Task brief » In your answer, reproduce exactly the lines from the beginning of the listing below through the one containing "Used Honda Elysion", and only those lines.

Material provided »
+ + + + +
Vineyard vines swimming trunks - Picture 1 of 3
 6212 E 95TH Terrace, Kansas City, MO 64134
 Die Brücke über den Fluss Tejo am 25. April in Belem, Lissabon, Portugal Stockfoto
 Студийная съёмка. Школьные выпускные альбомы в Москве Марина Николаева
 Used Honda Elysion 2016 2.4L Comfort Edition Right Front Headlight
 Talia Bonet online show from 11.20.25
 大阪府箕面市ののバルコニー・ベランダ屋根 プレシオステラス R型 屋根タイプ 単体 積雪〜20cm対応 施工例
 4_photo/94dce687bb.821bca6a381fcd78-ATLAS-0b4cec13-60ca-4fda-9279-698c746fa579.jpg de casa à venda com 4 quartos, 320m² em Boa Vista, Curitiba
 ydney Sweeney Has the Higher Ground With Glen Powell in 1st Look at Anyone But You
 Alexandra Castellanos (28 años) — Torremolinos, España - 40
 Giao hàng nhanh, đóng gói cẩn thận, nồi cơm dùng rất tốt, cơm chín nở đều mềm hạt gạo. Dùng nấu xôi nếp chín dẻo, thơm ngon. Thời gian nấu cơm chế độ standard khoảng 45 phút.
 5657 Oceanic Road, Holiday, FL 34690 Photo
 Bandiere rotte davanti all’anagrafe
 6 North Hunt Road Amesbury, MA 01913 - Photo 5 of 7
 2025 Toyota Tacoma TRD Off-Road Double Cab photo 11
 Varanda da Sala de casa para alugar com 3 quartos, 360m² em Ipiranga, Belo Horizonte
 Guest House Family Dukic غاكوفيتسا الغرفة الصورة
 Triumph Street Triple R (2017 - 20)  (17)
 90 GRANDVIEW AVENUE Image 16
+ + + + +
Result of this task »
Vineyard vines swimming trunks - Picture 1 of 3
 6212 E 95TH Terrace, Kansas City, MO 64134
 Die Brücke über den Fluss Tejo am 25. April in Belem, Lissabon, Portugal Stockfoto
 Студийная съёмка. Школьные выпускные альбомы в Москве Марина Николаева
 Used Honda Elysion 2016 2.4L Comfort Edition Right Front Headlight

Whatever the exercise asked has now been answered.